Samira Abu Ghazaleh (1928–12 January 2017) was a Palestinian poet, scholar, professor, political activist, and soldier advocating for the liberation and statehood of Palestine.

== Early life ==
Born in Nablus in 1928, she completed her primary and secondary schooling in Ramla. She later graduated from the Female Teachers' Training College in Jerusalem in 1947.

== Education ==
She attended the American University of Beirut (AUB) in 1952 working on a bachelor's in education and psychology, but was expelled in 1955 because of her political protests against the Baghdad Pact. She later attended Cairo University and graduated with her bachelor's in Arab Literature in 1952.
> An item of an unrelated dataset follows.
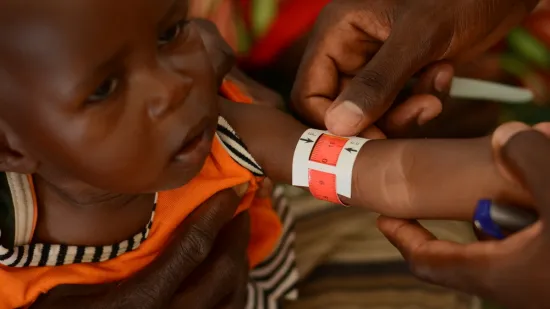 Malnutrition in Zamzam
Fearing arrest, she returned to Cairo University and finished her MA in Arabic LIterature in 1962. Her thesis was titled "Nationalist Poetry in Egypt and the Levant between the First and Second World Wars".

== Employment ==
While on the run during the Nakba, Abu Ghazaleh and her family returned to Nablus and the sisters all taught children in the neighborhood out of their uncle's house to support the family. She worked as a secretary for the Jordanian Red Crescent in Jerusalem in 1950 but stopped in 1952 when she got a scholarship to study at the American University in Beirut (AUB).

After attaining her MA, she worked at the Supreme Council for Arts and Literature in Cairo [now Supreme Council for Culture] teaching Arabic to foreigners at American University in Cairo.

== Political activism ==
While at the Female Teachers' Training College, she and some of her cohort protested the British forces and Zionist groups by leaving class and throwing stones at the buses going from Jerusalem to Jaffa. In 1948 she volunteered to gather supplies to help support the Palestinian fighters and advocated youths to learn how to fight. She volunteered at the Egyptian Red Crescent based in Ramla in 1948.
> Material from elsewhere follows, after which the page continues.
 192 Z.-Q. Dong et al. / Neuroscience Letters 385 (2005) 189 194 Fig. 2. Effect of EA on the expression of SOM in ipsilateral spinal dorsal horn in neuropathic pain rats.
While in Beirut studying for her BA, Abu Ghazzaleh was outspoken at meetings of the Arab Nationalist Movement, al-Urwa al-Wuthqa [the Unbreakable Bond], and her fellow AUB female students interacting with US Marines who were 'visiting' Lebanon's beaches.

In 1955, she protested against the Baghdad Pact, was expelled from AUB, and went into hiding for ten days and later returned to Nablus. At home, she worked to advocate for women to participate in the protests and she participated in rallies for political and voting rights during that time.

In 1963, she tried to establish the Palestinian Women's League in Cairo and joined the Popular Mobilization Department of the Palestine Liberation Organization (PLO) and the General Union of Palestinian Women (GUPW) in 1964. From 1965 to 1985 she remained a member of the Palestine National Council and was elected to the PLO Central Council in 1985.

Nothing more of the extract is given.